▶ **MATERIAL FOR THE TASK**
***

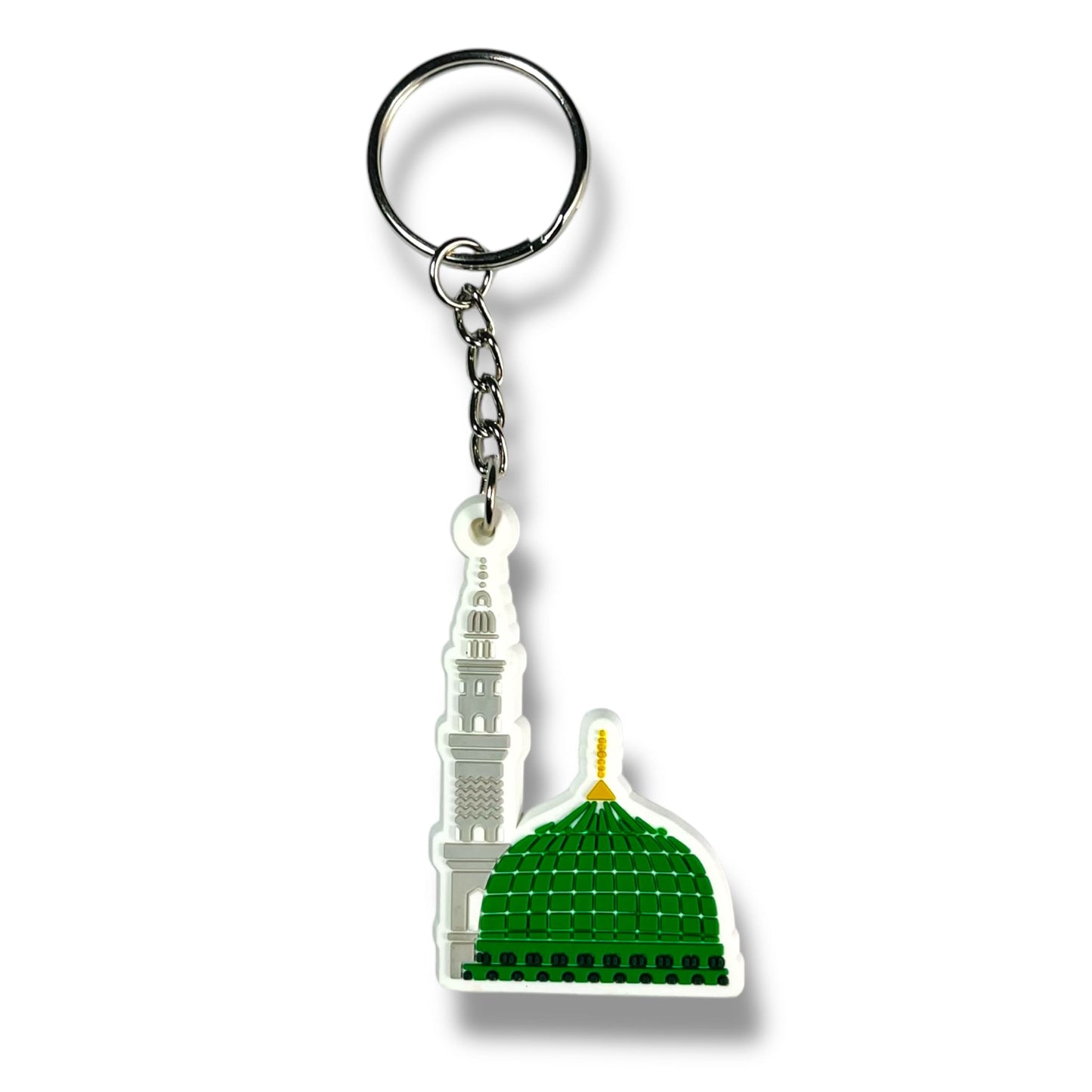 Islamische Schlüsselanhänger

***

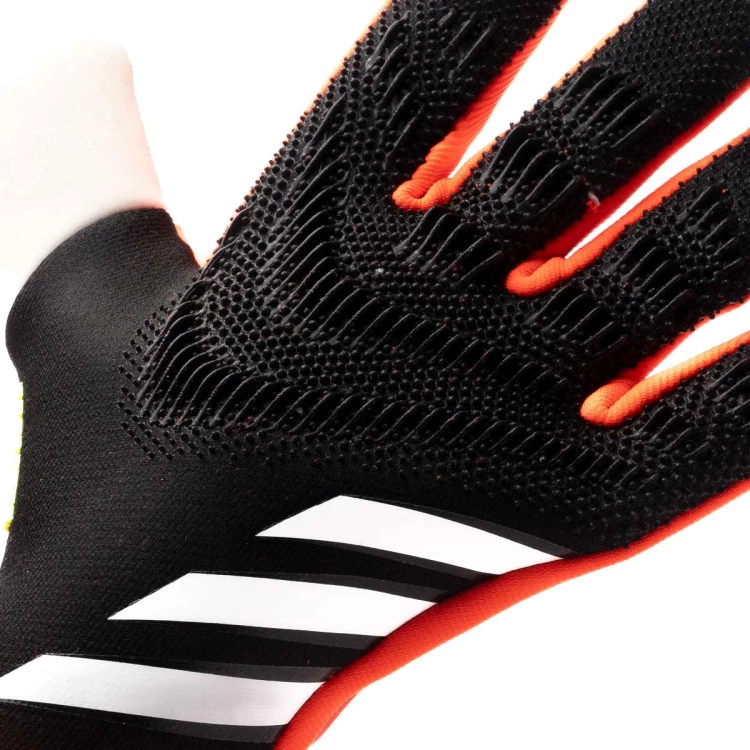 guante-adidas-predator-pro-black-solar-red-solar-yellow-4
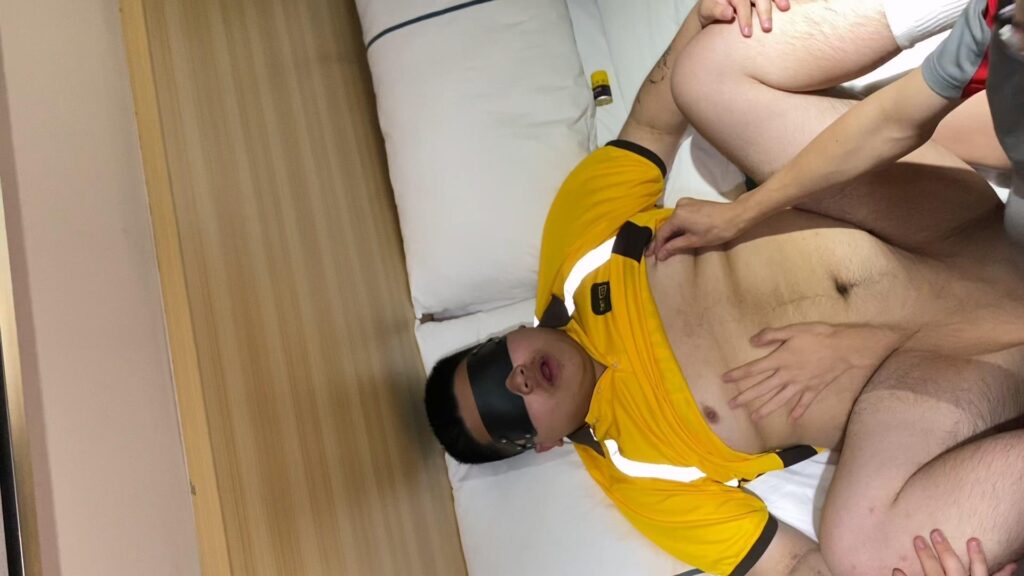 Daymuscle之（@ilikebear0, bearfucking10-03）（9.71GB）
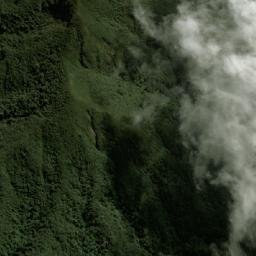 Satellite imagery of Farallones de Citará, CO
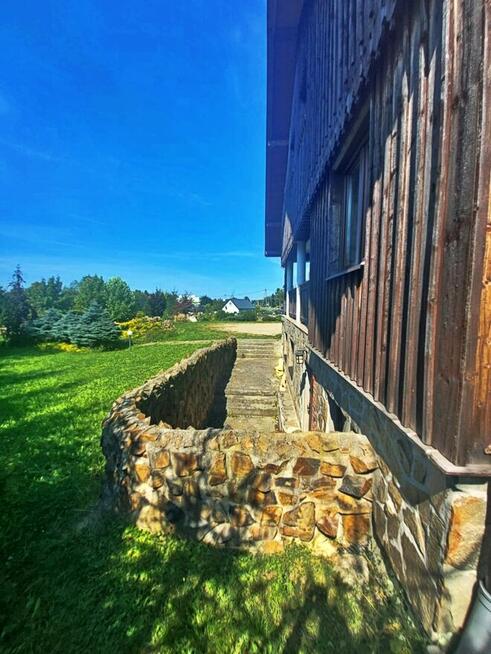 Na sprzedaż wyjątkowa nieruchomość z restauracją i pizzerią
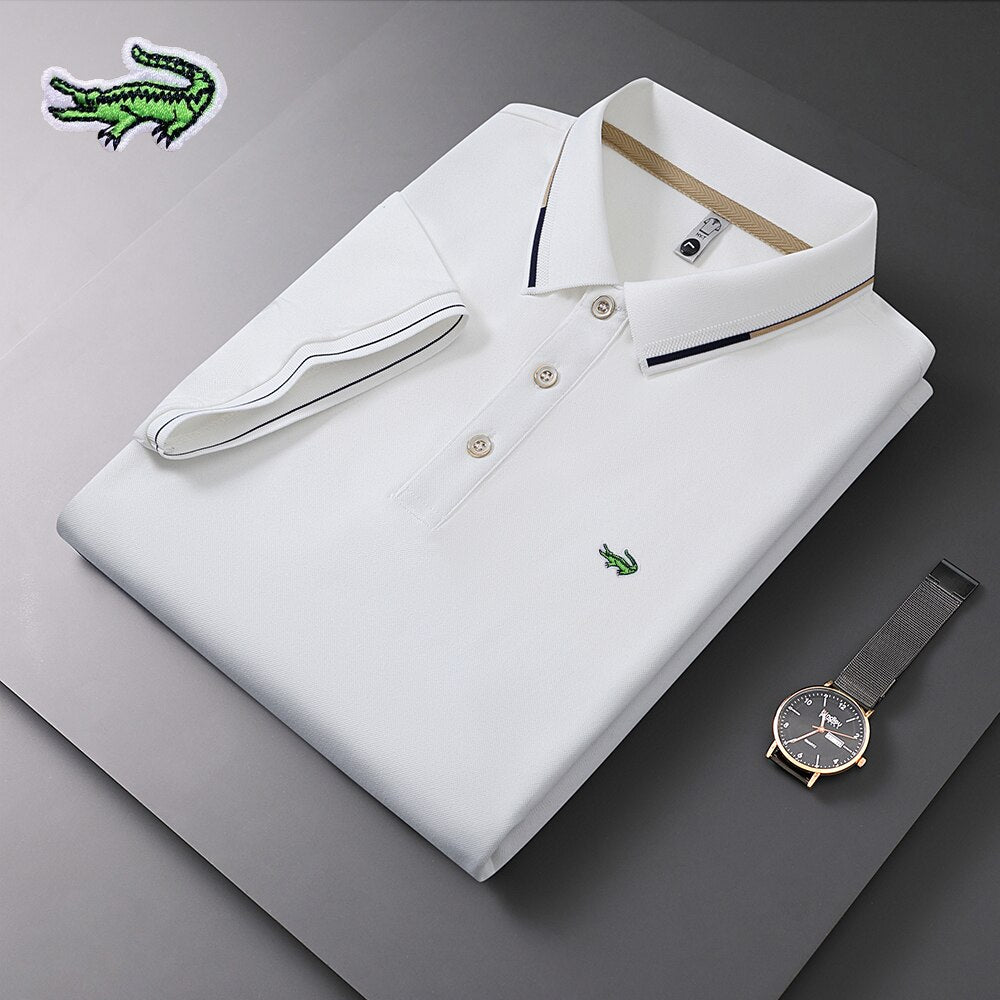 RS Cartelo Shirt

***

▶ **ACTION ITEM**
Reproduce the data above exactly, but only from the line containing "Satellite imagery of" through the line containing "RS Cartelo Shirt"; skip the pictures.

▶ **RESPONSE BOX**
 Satellite imagery of Farallones de Citará, CO
 Na sprzedaż wyjątkowa nieruchomość z restauracją i pizzerią
 RS Cartelo Shirt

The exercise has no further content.